# Testing the packages

In [10]:
import pandas as pd
import numpy as np
import pickle
import os
import sys
sys.path.insert(1, '../functions')
import data_utilities as data_u
import dict_utilities as dict_u
import nlp_utilities as nlp_u


#from jupyterthemes import jtplot
#jtplot.style()
%load_ext autoreload
%autoreload 2
%matplotlib inline

data_folder = '../data/'
dict_dir = data_folder + 'data_dict.pkl'


The autoreload extension is already loaded.

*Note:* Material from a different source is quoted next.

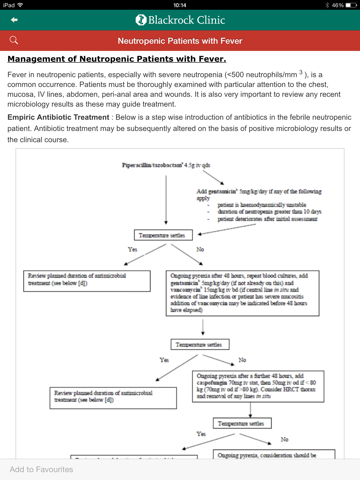 Blackrock Clinic Antimicrobial Guidelines in Adults iPad screenshot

To reload it, use:
  %reload_ext autoreload


## Testing dict_utilities

In [44]:
import dict_utilities as dict_u

data_dict = dict_u.get_dict(dict_dir)
print(f"Tickers already saved : {data_dict.keys()}")

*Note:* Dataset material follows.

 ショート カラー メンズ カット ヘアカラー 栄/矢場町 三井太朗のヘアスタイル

dict_u.reset_dict(dict_dir)
data_dict = dict_u.get_dict(dict_dir)
print(f"Tickers after reset : {data_dict.keys()}")

Tickers already saved : dict_keys(['google', 'exxon', 'total'])
Tickers after reset : dict_keys([])


## Testing data_utilities

Add news to data dictionary from database

In [45]:
import data_utilities as data_u

search_words = ['Google', 'Exxon']
news_to_read = "Reuters"
format_cols = ["Text", "Author", "Date"]
data_u.add_news_to_dict(search_words, data_folder, news_to_read, dict_dir, format_cols)
data_dict = dict_u.get_dict(dict_dir)
print(f"Tickers added : {data_dict.keys()}\n")
print(f"Number of news in ticker {search_words[0]} : {len(data_dict[search_words[0].lower()])}")

Tickers added : dict_keys(['google', 'exxon'])

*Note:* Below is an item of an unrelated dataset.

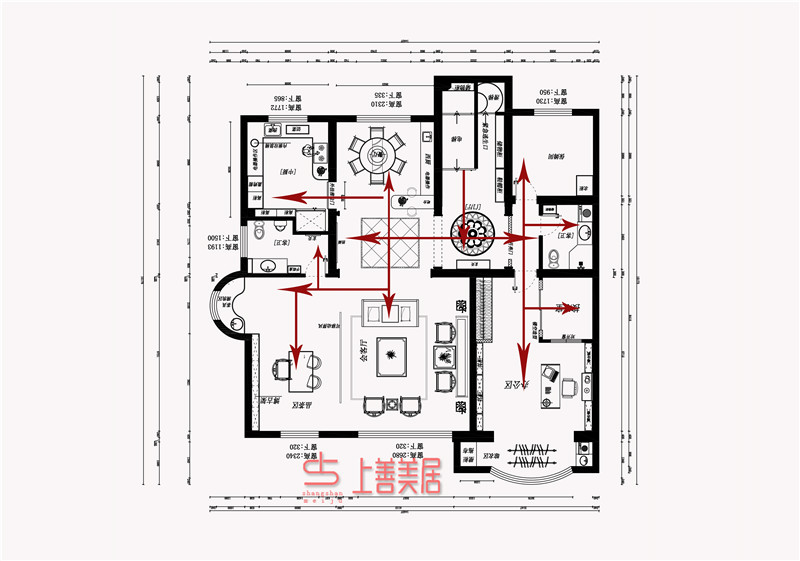 卓達(dá)玫瑰園400㎡中式 卓達(dá)玫瑰園400㎡中式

Number of news in ticker Google : 3608


Add news to data dictionary from Twitter account

In [46]:
date_since = "2020-11-13"
nb_items = 100
language = "fr"
codes = data_u.get_codes(data_folder + "twitter_codes.txt")
from_ids = ['Google', 'Total']
print(f"Tickers before operation : {data_dict.keys()}\n")
data_u.add_tweets_to_dict(date_since, nb_items, language, codes,\
                    format_cols, dict_dir, retweet=False, from_ids=from_ids)
data_dict = dict_u.get_dict(dict_dir)
print(f"Tickers now : {data_dict.keys()}\n")
print(f"Number of news in ticker {search_words[0]} : {len(data_dict[search_words[0].lower()])}")

Tickers before operation : dict_keys(['google', 'exxon'])

Tickers now : dict_keys(['google', 'exxon', 'total'])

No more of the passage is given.